Work required:
Your job is to print, exactly, the lines in the data below from the line with "胃动蛋白2(GKN2)重组蛋白,Recombinant Gastrokine 2" through the line with "Un Parazit Periculos", both included, and to omit any picture.

Given data:
▶
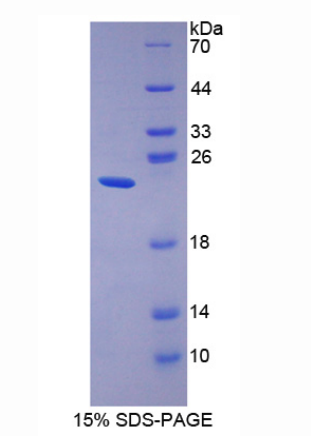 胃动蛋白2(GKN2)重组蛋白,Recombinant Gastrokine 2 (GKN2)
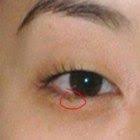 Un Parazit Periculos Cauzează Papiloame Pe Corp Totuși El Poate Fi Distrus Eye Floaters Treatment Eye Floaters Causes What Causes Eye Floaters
◀
▶
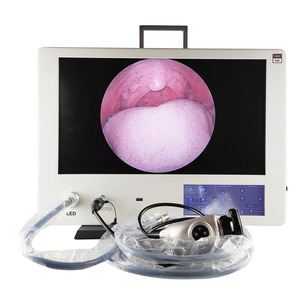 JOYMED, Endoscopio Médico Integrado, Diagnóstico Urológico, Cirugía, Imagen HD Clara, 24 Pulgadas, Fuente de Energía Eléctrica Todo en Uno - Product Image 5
◀
▶
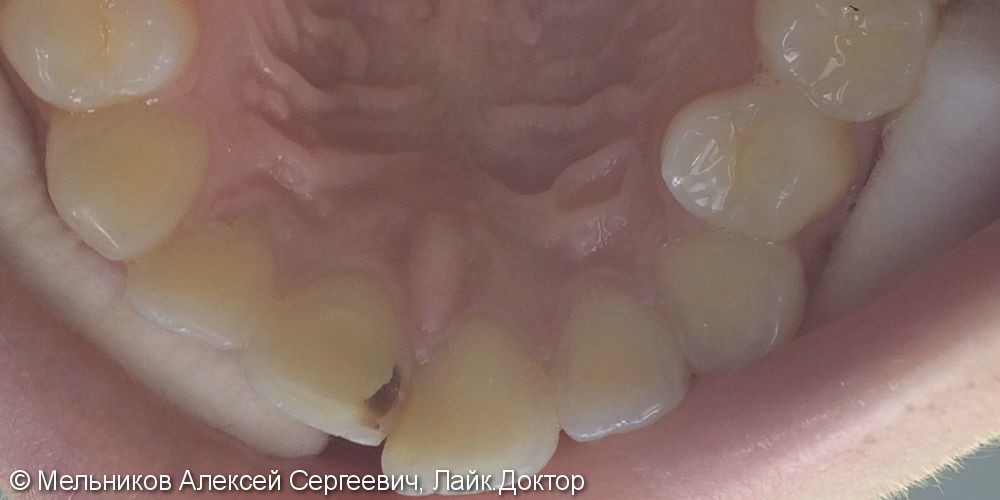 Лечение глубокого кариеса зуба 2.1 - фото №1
◀
Expected answer:
 胃动蛋白2(GKN2)重组蛋白,Recombinant Gastrokine 2 (GKN2)
 Un Parazit Periculos Cauzează Papiloame Pe Corp Totuși El Poate Fi Distrus Eye Floaters Treatment Eye Floaters Causes What Causes Eye Floaters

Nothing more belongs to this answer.